• YOUR ASSIGNMENT: Only the lines from the one containing "Special Deal 20%" through the end of the entries are to be copied, exactly and without pictures, please.

____

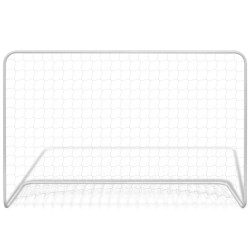 vidaXL Fußballtor mit Netz 182x61x122 cm Stahl Weiß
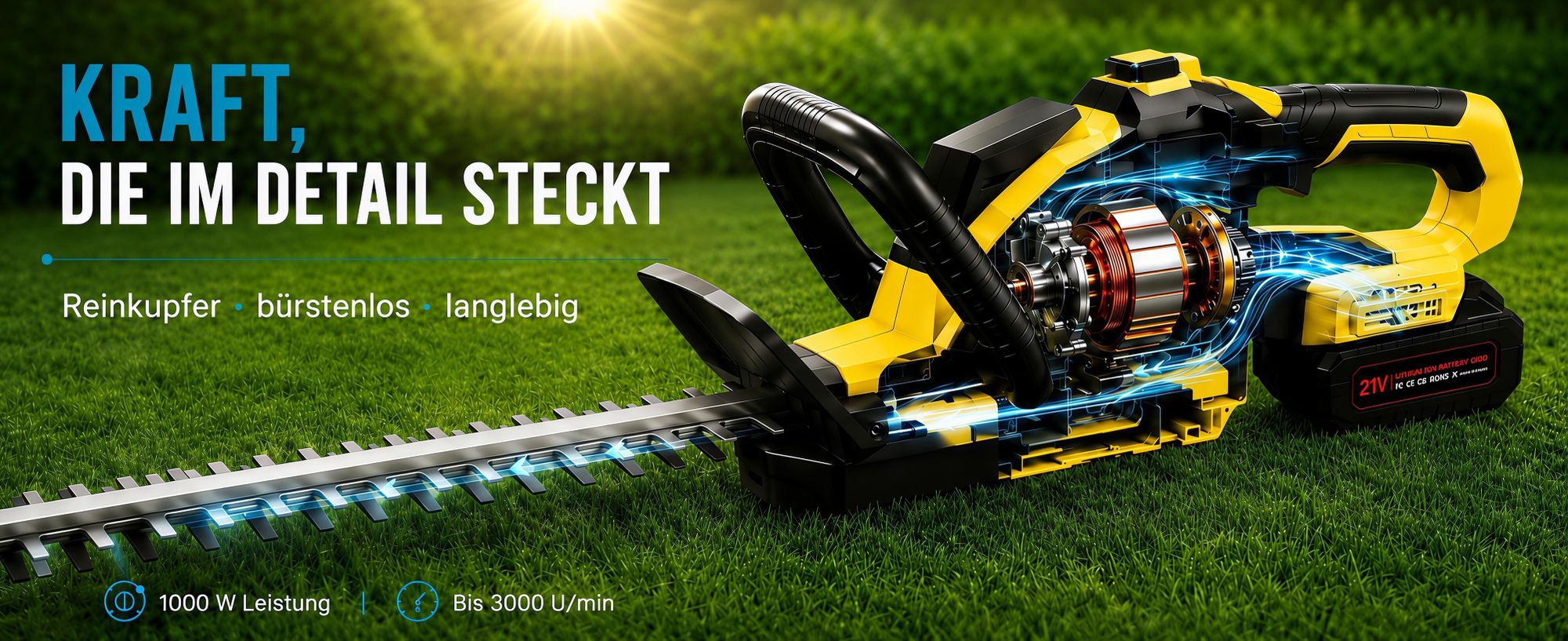 Akku Heckenschere, 21" Klingen Heckenschere mit 2 × 4000mAh Akkus, 3000RPM, bürstenloser motor,180° drehbarer Kopf,Doppelter Sicherheitsschalter,Gelb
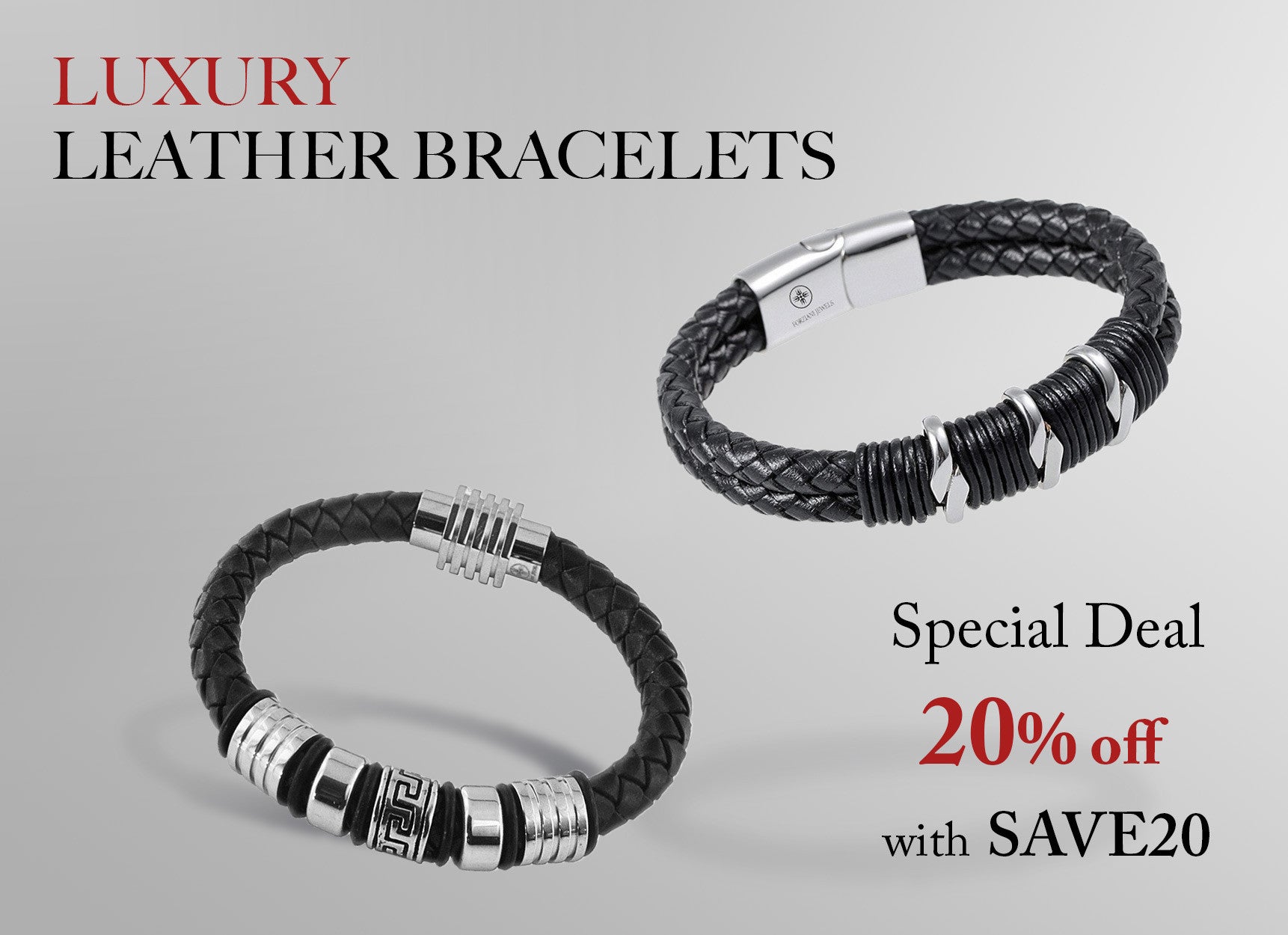 Special Deal 20% off code Save20 on Leather Bracelets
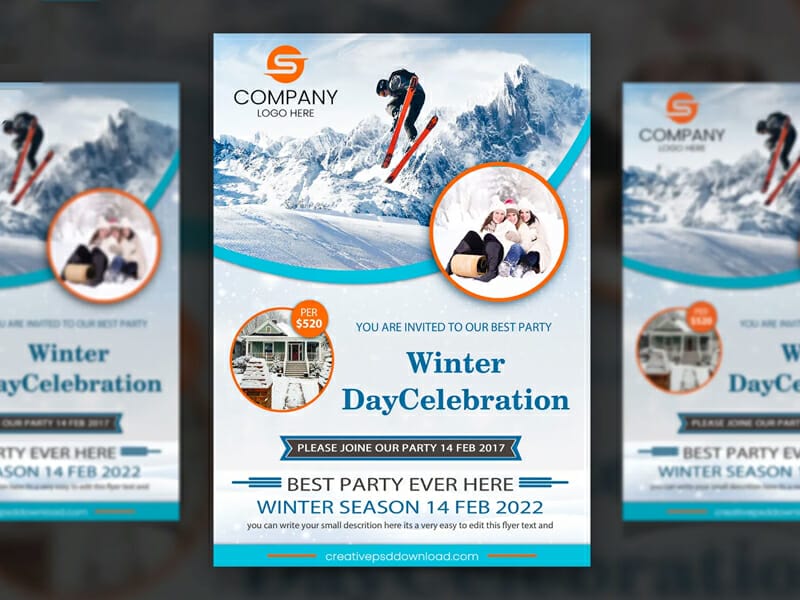 Best Free Flyer Templates 373 Winter Day Celebration Flyer
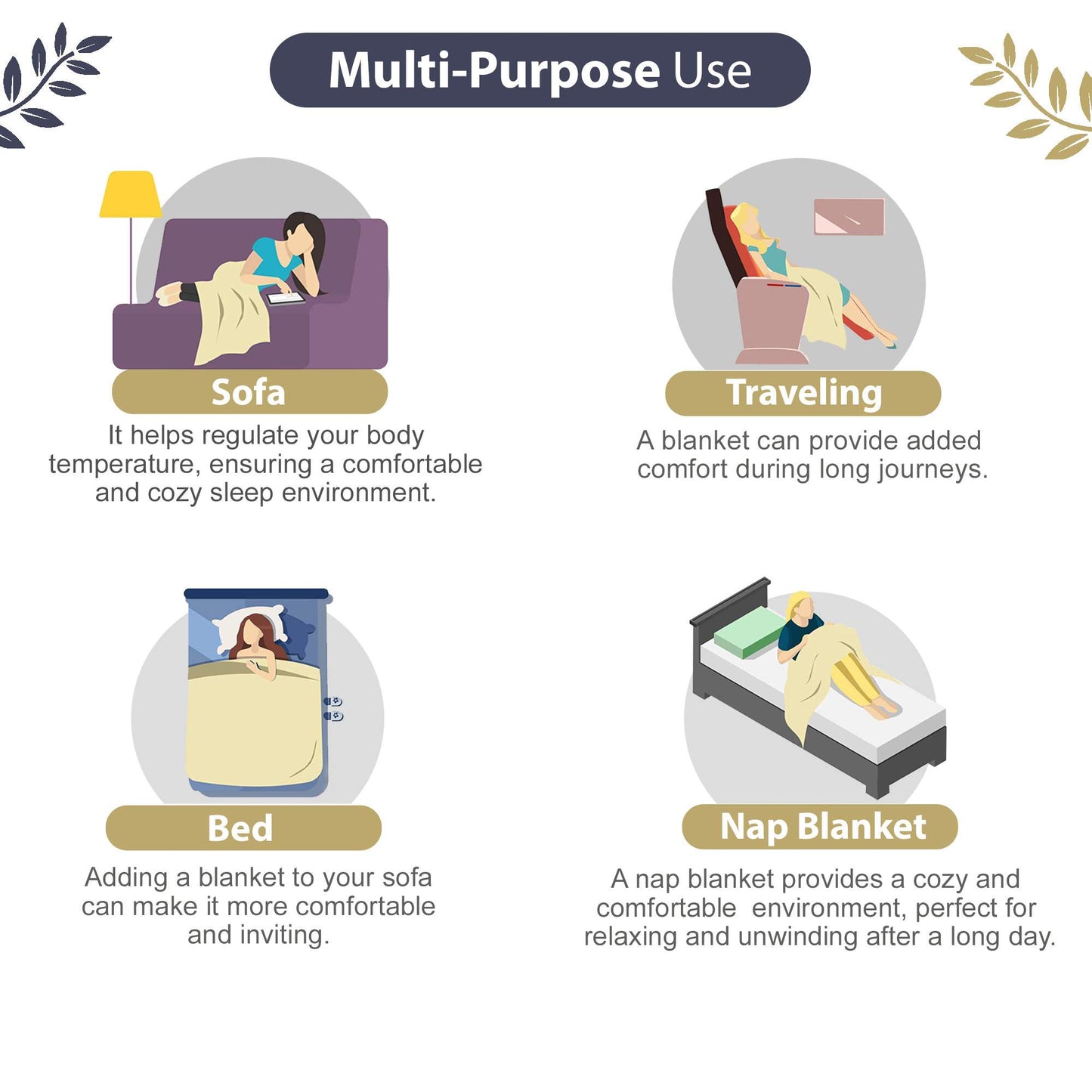 Abstract Print Dark Blue Elegant Look and Feel Microfiber Dohar For Single Bed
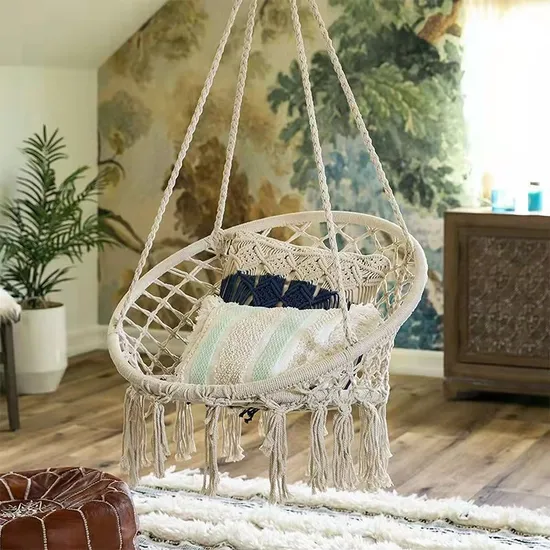 Cotton Rope Swing Handwoven Hammock Chair Hanging Lounge Mesh Chair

____

• OUTPUT FOR THIS EXERCISE:
 Special Deal 20% off code Save20 on Leather Bracelets
 Best Free Flyer Templates 373 Winter Day Celebration Flyer
 Abstract Print Dark Blue Elegant Look and Feel Microfiber Dohar For Single Bed
 Cotton Rope Swing Handwoven Hammock Chair Hanging Lounge Mesh Chair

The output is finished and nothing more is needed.